• AIM OF THE TASK: Only one stretch of the data below is wanted: the lines starting at the one with "(11 Kw) / 9.750" and ending at the one with "Gráfico de força", both included, given again exactly.
═════ RECORDS FOR THIS EXERCISE
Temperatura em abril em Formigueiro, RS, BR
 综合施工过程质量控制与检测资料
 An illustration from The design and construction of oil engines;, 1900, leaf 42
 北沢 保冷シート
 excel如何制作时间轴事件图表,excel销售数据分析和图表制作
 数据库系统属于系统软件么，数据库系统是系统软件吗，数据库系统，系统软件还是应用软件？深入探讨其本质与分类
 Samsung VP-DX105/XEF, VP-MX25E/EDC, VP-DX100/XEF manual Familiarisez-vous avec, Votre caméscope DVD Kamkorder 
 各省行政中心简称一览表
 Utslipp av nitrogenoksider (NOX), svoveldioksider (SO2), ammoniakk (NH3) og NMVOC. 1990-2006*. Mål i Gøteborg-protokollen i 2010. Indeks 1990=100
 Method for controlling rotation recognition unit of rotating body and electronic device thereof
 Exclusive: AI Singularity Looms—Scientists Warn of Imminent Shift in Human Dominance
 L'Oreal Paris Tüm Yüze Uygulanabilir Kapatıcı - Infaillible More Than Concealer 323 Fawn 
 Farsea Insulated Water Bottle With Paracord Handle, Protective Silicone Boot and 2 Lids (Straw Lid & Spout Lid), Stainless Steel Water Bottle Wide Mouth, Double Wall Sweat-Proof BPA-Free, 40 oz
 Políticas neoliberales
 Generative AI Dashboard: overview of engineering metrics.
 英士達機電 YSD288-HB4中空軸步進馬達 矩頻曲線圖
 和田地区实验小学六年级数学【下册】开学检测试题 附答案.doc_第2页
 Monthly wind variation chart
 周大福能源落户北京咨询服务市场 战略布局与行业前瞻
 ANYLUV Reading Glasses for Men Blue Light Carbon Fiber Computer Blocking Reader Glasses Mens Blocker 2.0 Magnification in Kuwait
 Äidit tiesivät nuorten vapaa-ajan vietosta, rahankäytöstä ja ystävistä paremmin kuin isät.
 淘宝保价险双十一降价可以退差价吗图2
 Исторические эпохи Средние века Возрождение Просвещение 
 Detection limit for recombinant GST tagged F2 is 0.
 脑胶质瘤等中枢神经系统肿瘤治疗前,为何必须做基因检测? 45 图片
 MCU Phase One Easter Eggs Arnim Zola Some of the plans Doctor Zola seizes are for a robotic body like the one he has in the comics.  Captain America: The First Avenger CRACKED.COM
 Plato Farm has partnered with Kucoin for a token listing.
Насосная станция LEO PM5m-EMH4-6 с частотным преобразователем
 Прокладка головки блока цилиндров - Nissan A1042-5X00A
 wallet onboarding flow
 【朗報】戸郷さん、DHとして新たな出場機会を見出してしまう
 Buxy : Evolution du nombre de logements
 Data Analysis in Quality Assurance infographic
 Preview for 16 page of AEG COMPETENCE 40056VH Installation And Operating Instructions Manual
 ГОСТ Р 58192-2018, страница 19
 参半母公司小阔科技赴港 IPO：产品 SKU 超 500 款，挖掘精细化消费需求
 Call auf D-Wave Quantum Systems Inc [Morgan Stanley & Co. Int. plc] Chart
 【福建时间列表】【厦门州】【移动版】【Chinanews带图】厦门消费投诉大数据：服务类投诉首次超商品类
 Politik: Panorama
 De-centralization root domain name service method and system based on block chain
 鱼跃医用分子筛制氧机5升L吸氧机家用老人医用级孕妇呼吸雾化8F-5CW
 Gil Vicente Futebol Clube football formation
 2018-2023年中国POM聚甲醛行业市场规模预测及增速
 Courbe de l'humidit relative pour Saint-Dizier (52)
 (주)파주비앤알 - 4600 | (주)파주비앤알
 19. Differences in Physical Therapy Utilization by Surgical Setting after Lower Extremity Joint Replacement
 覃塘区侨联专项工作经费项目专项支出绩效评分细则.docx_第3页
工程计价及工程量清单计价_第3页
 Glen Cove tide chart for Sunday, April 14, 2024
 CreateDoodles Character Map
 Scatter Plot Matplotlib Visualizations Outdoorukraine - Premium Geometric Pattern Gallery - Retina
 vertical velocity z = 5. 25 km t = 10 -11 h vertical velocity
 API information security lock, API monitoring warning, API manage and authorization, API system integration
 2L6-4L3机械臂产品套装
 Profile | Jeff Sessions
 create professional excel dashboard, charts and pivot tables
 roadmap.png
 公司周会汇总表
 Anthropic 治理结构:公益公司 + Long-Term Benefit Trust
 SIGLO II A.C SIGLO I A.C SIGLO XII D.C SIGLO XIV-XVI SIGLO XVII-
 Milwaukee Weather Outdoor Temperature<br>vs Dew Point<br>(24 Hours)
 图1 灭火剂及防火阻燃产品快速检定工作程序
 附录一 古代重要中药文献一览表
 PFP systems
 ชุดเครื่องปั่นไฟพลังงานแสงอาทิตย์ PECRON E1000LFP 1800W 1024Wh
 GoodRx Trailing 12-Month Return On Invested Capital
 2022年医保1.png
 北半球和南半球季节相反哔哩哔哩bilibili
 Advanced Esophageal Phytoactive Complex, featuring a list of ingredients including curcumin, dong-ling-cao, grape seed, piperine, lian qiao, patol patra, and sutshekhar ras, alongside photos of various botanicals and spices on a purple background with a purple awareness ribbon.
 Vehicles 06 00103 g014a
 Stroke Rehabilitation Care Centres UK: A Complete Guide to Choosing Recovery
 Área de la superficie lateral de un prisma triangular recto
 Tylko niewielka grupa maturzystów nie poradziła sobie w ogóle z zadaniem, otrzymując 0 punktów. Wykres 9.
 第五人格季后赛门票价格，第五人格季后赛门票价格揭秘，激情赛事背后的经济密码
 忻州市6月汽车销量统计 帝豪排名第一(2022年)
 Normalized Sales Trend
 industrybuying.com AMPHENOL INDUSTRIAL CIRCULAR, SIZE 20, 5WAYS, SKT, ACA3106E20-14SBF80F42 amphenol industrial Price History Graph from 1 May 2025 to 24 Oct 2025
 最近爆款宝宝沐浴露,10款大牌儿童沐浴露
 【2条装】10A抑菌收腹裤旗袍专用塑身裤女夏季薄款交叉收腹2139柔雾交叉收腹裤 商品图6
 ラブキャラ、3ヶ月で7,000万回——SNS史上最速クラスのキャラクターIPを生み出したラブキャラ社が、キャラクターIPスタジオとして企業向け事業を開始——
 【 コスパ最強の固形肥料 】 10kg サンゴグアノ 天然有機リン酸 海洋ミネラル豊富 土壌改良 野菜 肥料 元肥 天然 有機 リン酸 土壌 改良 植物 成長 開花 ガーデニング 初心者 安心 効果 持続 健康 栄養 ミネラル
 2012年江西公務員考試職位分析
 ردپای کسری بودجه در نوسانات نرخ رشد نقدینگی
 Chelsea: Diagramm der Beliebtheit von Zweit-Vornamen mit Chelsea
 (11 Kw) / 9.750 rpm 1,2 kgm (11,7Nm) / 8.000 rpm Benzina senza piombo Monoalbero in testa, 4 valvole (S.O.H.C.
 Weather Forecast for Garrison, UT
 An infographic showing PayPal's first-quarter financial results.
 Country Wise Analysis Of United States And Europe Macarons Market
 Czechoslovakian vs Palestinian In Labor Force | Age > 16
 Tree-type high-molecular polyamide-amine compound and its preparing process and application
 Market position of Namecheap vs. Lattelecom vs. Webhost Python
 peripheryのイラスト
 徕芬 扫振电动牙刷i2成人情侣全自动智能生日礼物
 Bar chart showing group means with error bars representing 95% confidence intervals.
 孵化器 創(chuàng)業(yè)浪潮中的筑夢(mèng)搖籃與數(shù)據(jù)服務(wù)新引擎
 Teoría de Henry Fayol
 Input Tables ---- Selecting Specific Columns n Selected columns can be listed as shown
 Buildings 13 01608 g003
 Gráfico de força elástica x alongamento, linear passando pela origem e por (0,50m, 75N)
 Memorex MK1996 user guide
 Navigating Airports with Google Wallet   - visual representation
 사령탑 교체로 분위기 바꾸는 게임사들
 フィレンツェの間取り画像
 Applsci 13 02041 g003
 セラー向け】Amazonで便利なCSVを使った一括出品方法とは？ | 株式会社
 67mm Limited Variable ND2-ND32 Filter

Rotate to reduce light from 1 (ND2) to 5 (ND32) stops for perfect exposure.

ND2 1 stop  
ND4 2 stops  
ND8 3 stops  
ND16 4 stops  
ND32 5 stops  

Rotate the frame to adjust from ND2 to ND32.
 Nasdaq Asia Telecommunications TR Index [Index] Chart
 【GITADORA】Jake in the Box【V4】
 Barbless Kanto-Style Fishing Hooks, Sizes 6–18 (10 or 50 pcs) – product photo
══════════
• ANSWER TO THIS PROBLEM:
 (11 Kw) / 9.750 rpm 1,2 kgm (11,7Nm) / 8.000 rpm Benzina senza piombo Monoalbero in testa, 4 valvole (S.O.H.C.
 Weather Forecast for Garrison, UT
 An infographic showing PayPal's first-quarter financial results.
 Country Wise Analysis Of United States And Europe Macarons Market
 Czechoslovakian vs Palestinian In Labor Force | Age > 16
 Tree-type high-molecular polyamide-amine compound and its preparing process and application
 Market position of Namecheap vs. Lattelecom vs. Webhost Python
 peripheryのイラスト
 徕芬 扫振电动牙刷i2成人情侣全自动智能生日礼物
 Bar chart showing group means with error bars representing 95% confidence intervals.
 孵化器 創(chuàng)業(yè)浪潮中的筑夢(mèng)搖籃與數(shù)據(jù)服務(wù)新引擎
 Teoría de Henry Fayol
 Input Tables ---- Selecting Specific Columns n Selected columns can be listed as shown
 Buildings 13 01608 g003
 Gráfico de força elástica x alongamento, linear passando pela origem e por (0,50m, 75N)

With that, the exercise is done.